One of the more surprising things I've learned as a lecturer is the importance of telling lies to students. Basically, the real story regarding nearly everything in computer science is diabolically complicated, and if we try to tell the whole truth up front, our students will get too confused to learn anything.
So what we have to do is to start by telling a simple story which is true in broad outline, but which may be false in some particulars. Then, when they understand the simple story, we can point out the places where the story breaks down, and then use that to tell a slightly less-false story, and so on and so on, until they have a collection of models, which range from the simple-but-inaccurate to the complex-but-accurate. Then our students can use the simplest model they can get away with to solve their problem.

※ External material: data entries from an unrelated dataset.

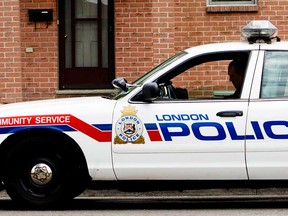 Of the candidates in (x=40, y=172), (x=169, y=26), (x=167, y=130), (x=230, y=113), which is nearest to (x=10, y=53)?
(x=169, y=26)

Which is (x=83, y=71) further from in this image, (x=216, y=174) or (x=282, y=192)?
(x=216, y=174)

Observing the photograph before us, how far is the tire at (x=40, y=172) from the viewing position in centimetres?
938

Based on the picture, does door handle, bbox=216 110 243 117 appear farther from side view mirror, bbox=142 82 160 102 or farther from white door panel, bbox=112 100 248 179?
side view mirror, bbox=142 82 160 102

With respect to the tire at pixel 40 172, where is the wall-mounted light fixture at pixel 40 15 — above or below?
above

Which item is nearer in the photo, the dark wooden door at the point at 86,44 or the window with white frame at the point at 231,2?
the window with white frame at the point at 231,2

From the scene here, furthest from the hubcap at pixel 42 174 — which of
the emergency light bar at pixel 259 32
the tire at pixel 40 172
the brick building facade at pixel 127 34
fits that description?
the brick building facade at pixel 127 34

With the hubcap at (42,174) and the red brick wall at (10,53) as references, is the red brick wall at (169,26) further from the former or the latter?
the hubcap at (42,174)

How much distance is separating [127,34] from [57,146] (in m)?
6.34

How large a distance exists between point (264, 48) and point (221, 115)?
0.82m

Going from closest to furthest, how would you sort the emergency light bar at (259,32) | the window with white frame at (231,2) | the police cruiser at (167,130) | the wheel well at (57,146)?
1. the police cruiser at (167,130)
2. the wheel well at (57,146)
3. the emergency light bar at (259,32)
4. the window with white frame at (231,2)

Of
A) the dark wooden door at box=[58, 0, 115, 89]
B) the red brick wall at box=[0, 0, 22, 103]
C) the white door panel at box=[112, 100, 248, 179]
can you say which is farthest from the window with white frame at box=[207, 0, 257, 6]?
the white door panel at box=[112, 100, 248, 179]

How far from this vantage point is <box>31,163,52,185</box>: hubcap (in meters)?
9.39

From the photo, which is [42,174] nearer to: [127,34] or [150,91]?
[150,91]

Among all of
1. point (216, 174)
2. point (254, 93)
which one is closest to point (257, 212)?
point (216, 174) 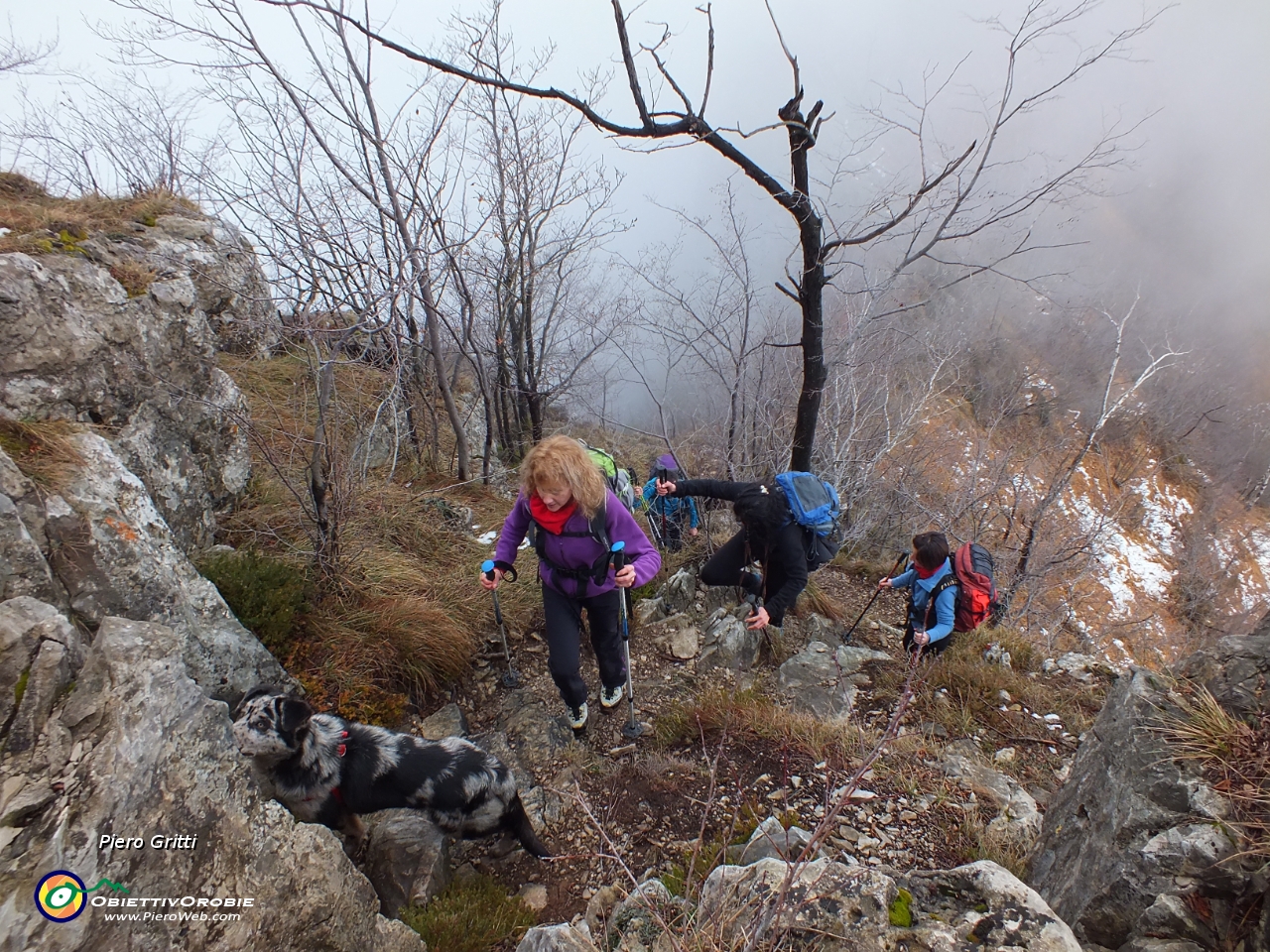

The same thing happens when teaching physics, where we start with Newtonian mechanics, and then refine it with special relativity and quantum mechanics, and then refine it further (in two incompatible ways!) with general relativity and quantum field theories. The art of problem solving is to pick the least complicated model that will solve the problem.
But despite how essential lies are, it's always a risk that our students discover that we are telling lies too early -- because their understanding is fragile, they don't have a sense of the zone of applicability of the story, and so an early failure can erode the confidence they need to try tackling problems. Happily, though, one advantage that computer science has over physics is that computers are more programmable than reality: we can build artificial worlds which actually do exactly obey the rules we lay out.
This is why my colleague Martín Escardó says that when teaching beginners, he prefers teaching Agda to teaching Haskell -- he has to tell fewer lies. The simple story that we want to start with when teaching functional programming is that data types are sets, and computer functions are mathematical functions.
In the presence of general recursion, though, this is a lie. Martín has done a lot of work on more accurate stories, such as data types are topological spaces and functions are continuous maps, but this is not what we want to tell someone who has never written a computer program before (unless they happen to have a PhD in mathematics)!
Agda's termination checking means that every definable function is total, and so in Agda it's much closer to true that types are sets and functions are functions. But it's not quite true!
Here's a little example, as an Agda program. First, let's get the mandatory bureaucracy out of the way -- we're defining the program name, and importing the boolean and identity type libraries.
module wat where open import Data.Bool open import Relation.Binary.PropositionalEquality using (_≡_; refl)
Next, let's define the identity function on booleans.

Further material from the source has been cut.